Prank knew this land was held in secret trust; he knew of Barney’s embarrassment; the law stamped Barney’s transactions .in this land in his financial condition fraudulent as to his creditors, and Prank had such notice in equity and good conscience that he and his heirs cannot be permitted to hold this land exempt from the claim of his creditors and especially of the sureties who have been compelled to make good the very money that went into this land.

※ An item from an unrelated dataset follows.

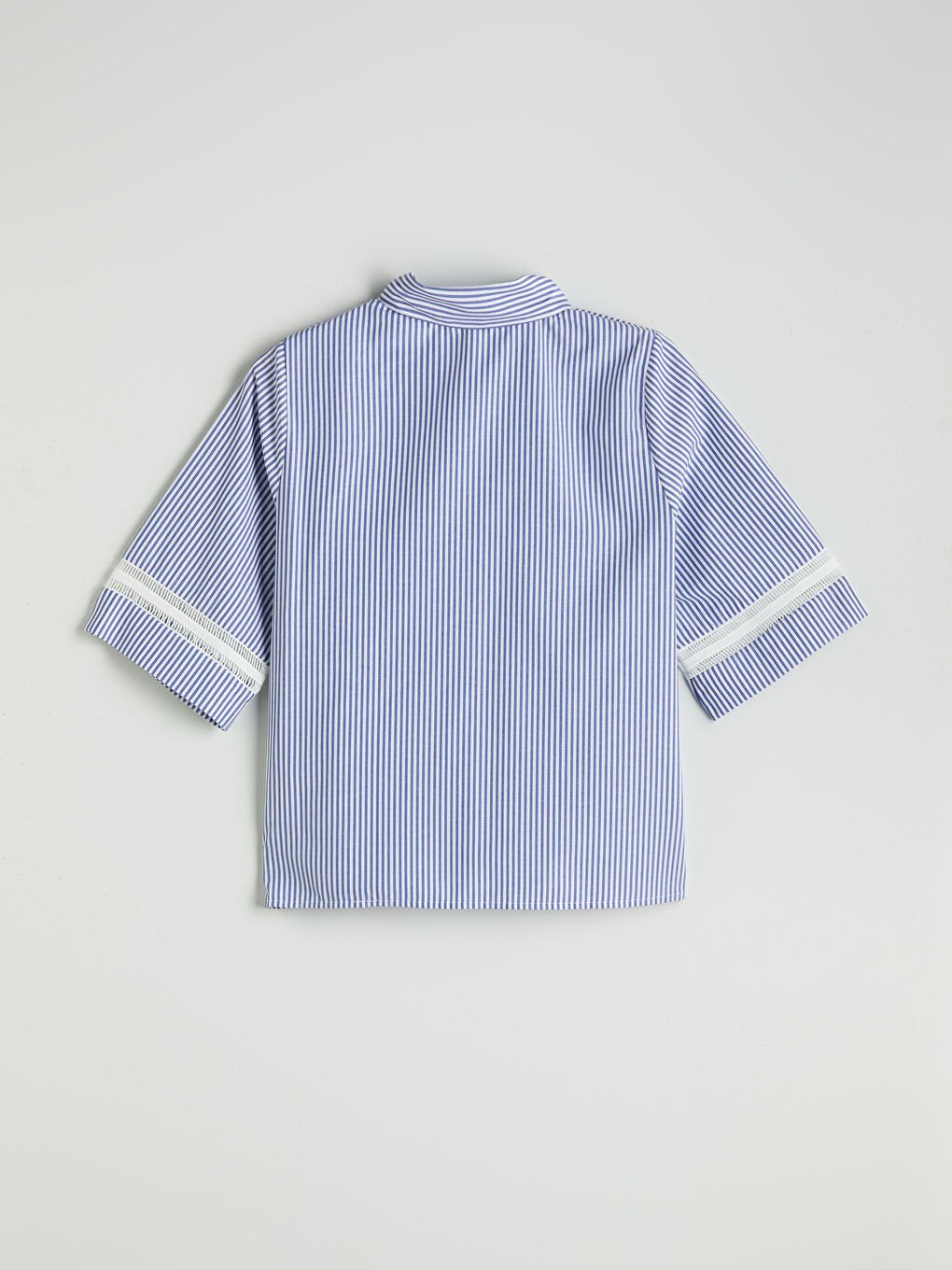 Mavi Çizgili Kadın Gömlek-5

As much as we are disposed to defer to the judgment of the trial court in equity cases, we are not able to affirm the judgment in this cause. The facts are so clear that we must draw our own conclusions, and we feel compelled under the evidence in this cause to decide that the contract made and entered into by E. D. Montague, December 10, 1873, and subsequently ripening into the deed of March 6, 1879, from Montague to Prank Sappington was made with the intent to hinder and delay the creditors of Barnabas .Sappington ; that the sheriff’s deed to Frederick Fulkerson conveyed the equitable interest of Barney Sappington, to whose use Montague held said land, and that respondents as the heirs of Prank Sappington hold this land in trust for the appellants; and, so holding, a decree will be entered divesting the title of respondents and vesting it in appellants.
All the judges of this division concur.